Like: Joy of, Mastering, Silver Palate, and a.f.c.a’er Dana Carpender’s 500 Low Carb Recipes
Dislike: anything with the name Donna Hay. Everything of hers we tried back home tasted bland and dry, as if it had a couple key ingredients missing.
Sentimental Favorite: America’s Cook Book (sic), altho Mama Doug insists cooking with 1938 vintage recipes is about as ill-advised as cooking with 1938 vintage canned goods would be. OTOH, there’s lots of deep-fried and/or rolled dough. Carbo-Porn!
All-Time Favorite and It’s Not Even A Freaking Cookbook: The Gallery of Regrettable Food

Jeff Smith taught me to cook. During college, I bought just about all his cookbooks, and they are well-worn and I used them a lot. I dunno what he did privately, but his cookbooks have great recipes that are easy to follow. I still pull them out at times for certain favorite recipes.

Though technically not a cookbook, I’ve got to put in a plug for McGee’s On Food and Cooking. The new revised edition was recently released and it is much better than the first edition. I think it is better organized and it certainly benefits from the 20 odd years of further research that McGee has done since he released the original. Any AB fan, as I gather the OP is, must own this book.
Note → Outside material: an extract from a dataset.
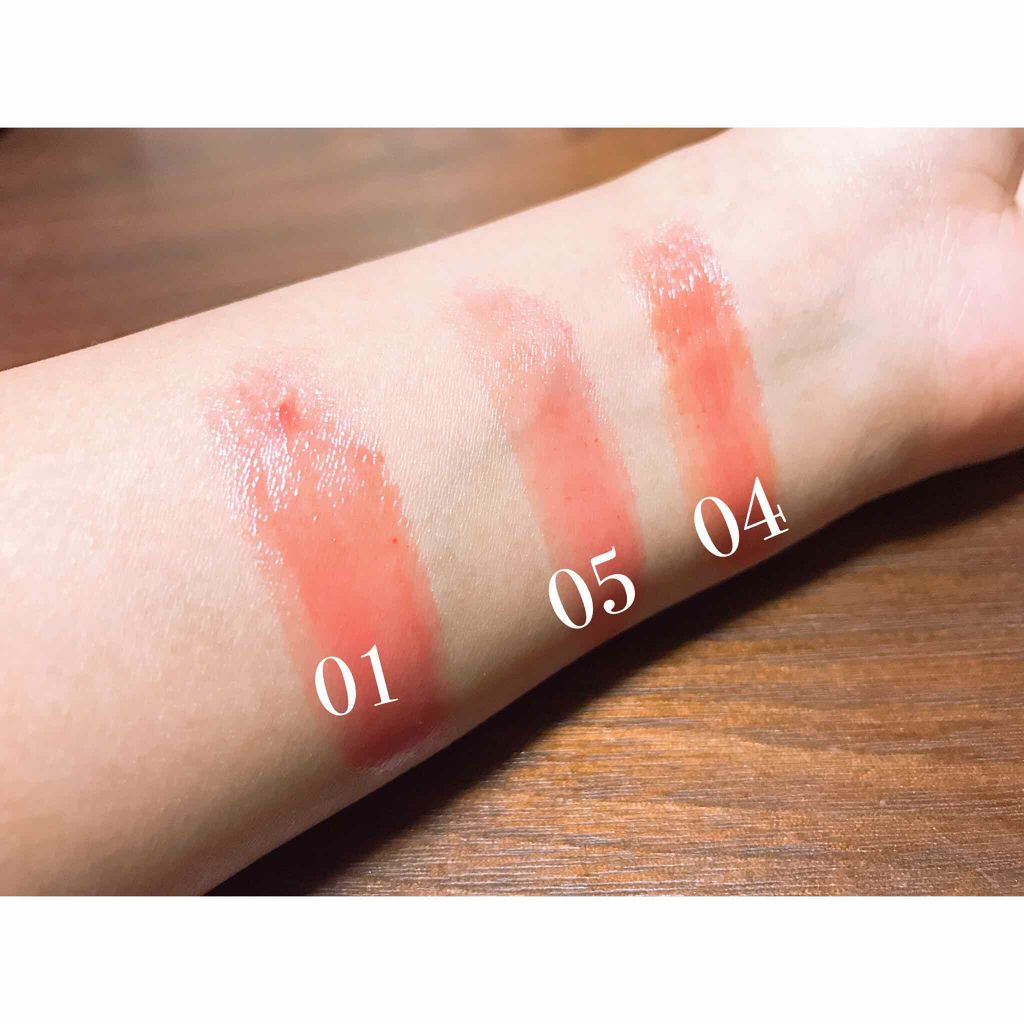 オペラ リップティント N/OPERA/リップティントを使ったクチコミ（2枚目）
The three books I turn to most often in my kitchen are HTCE, both Alton Brown books (though I seem to use **More Food ** more often), and **Joy **. A close second is Marcella Hazan’s Essentials of Italian Cooking, and all my Cook’s Illustrated back issues (best biscuit recipe EVAR! sorry AB yours is wayyyyyy too messy)

Wrenchslinger

I love the “Best Recipe” series. Every recipe has a one or two page essay preceeding it, where they go through the experimentation they did to find the best recipe, an explanation of how the technique works, how to pick the best ingredients, and how varying the techniques or proportions changes the final result. It’s very helpful to understand what is important in a recipe and what is variable.

My personal favorite cookbook, the one I go to first (and back time and again) is The New Basics by Julee Rosso and Sheila Lukins (the Silver Palate people). A lot of people don’t like it because they think it’s snooty and/or filled with too many hard-to-find ingredients, but I haven’t found that to be the case, and I live in Montana, where lots of things can be hard to find. It’s wonderful. Don’t like their solo work nearly as much as the books they wrote together, though.

Have to chime in on How To Cook Everything: I got it as a present a year or so ago. I don’t use it as much as other cookbooks, but like The Joy of Cooking, if you want to know how to cook a particular dish or ingredient, it’s likely in there. Plus it has the most killer rhubarb pie recipe ever.

I’ll also second Jeff Smith, Diana Kennedy, Madhur Jaffrey, Marcella Hazan, and Claudia Roden (her New Middle Eastern Cooking is a treasure). For outdoor cooking, it’s hard to beat Chris Schlesinger and John Willoughby’s series, starting with The Thrill of the Grill. I’ve probably used those more than anything except New Basics.

For desserts, no one compares to Marcel Desaulniers, the executive chef of the Trellis in Williamsburg, VA. Start with Death by Chocolate and go from there. Scrumptious, and a large proportion of the recipes are actually doable with not much effort. Some of them, of course, are incredibly complicated, but those can be fun too, if you’re in the right frame of mind.

Chili Nation is fun; 51 chili recipes inspired by recipes from all 50 states plus D.C. I made the Arkansas one this week; it’s got a layer of tamales, covered with a barbecue-sauce-flavored chili (with beans), then scallions and cheese, and baked. Yum.

Oh, and Patricia Wells for Italian is a good one to go after Marcella Hazan.